The house voted on Friday against two amendments removing anti-Net Neutrality from an important government funding proposal. One amendment was by Rep. Jose Serrano, the other Rep. Nita Lowey.

Rep. Jose Serrano said, “Maybe every so often we can be on the side of the American people and not corporations.” However, the House majority does not appear to be in agreement when it comes to Net Neutrality.

The 158-page bill has anti-Net Neutrailty built in, and would take money from the FCC, which it needs to keep up internet protections. These would also stop regulations from being in effect until after the courts have made a decisions, which would stretch on for years.

A federal court has rejected attempts by cable, phone, and wireless lobbies to delay the rules, and Serrano said,  “You’re not supposed to legislate in an appropriations bill.”
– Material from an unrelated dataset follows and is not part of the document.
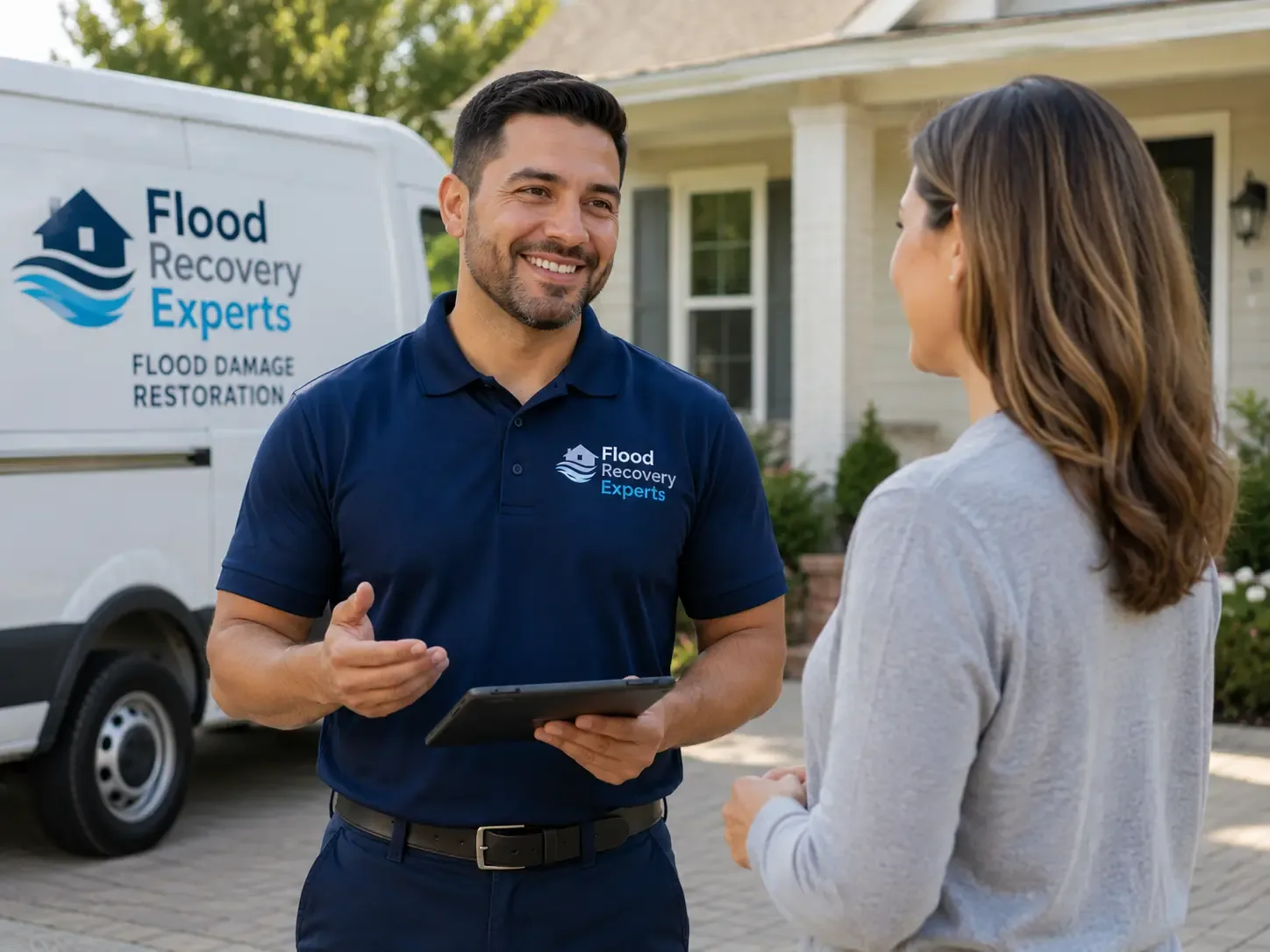Flood Damage Cleanup Gully, MN FAQs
Despite the widespread demand for open internet in the U.S. and both political parties, some members of Congress are pushing to eliminate FCC protections for which millions called, mostly due to large campaign contributions by telecom providers.

“Blocking Net Neutrality means blocking the open Internet. My colleagues are trying to give corporations more freedom … while putting more restrictions on individual citizens,” said Serrano.
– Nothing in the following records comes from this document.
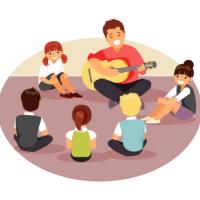 Elementary Music Teachers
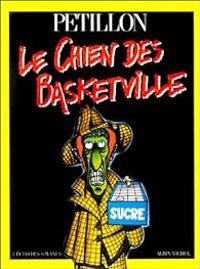 Rene Petillon - Le Chien des Basketville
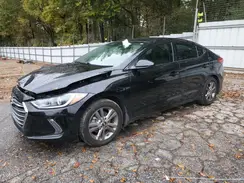 KMHD84LF5JU654399 2018 HYUNDAI ELANTRA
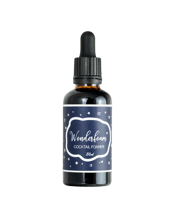  Wonderfoam Cocktail Foamer<br>50ml  50ML Wonderfoam is the easy way to add foam and texture to your drinks without the hassle or expense of using egg white. This means it's quicker, easier, and more economical than ever to create textural cocktails; each 50mL bottle of Wonderfoam can make more than 330 drinks! Wonderfoam is vegan and alcohol-free, being naturally extracted with water from wild-harvested quillaia bark. Simply add 3–6 drops of Wonderfoam to your ingredients and shake!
Members of Congress are involved with major internet service providers and are not heeding the public. Instead, they are pressing to stop open internet and open fast and slow lanes to specific websites, despite the FCC’s appropriate actions to call on the public.

More than 60 groups for social rights and justice urged the chairman of the House appropriations to eliminate anti-Net Neutrality language. Only Rep. Lowey paid attention.

The Free Press Action Fund, the American Civil Liberties Union, the Center for Media Justice, ColorOfChange.org, the Electronic Frontier Foundation, the National Hispanic Media Coalition, the New America Foundation’s Open Technology Institute, and Writers Guild of America West are just a few of the groups who signed petitions.

People are calling for citizens to contact their Congress before the vote on funding, and tell them to get rid of the anti-Net Neutrality language completely.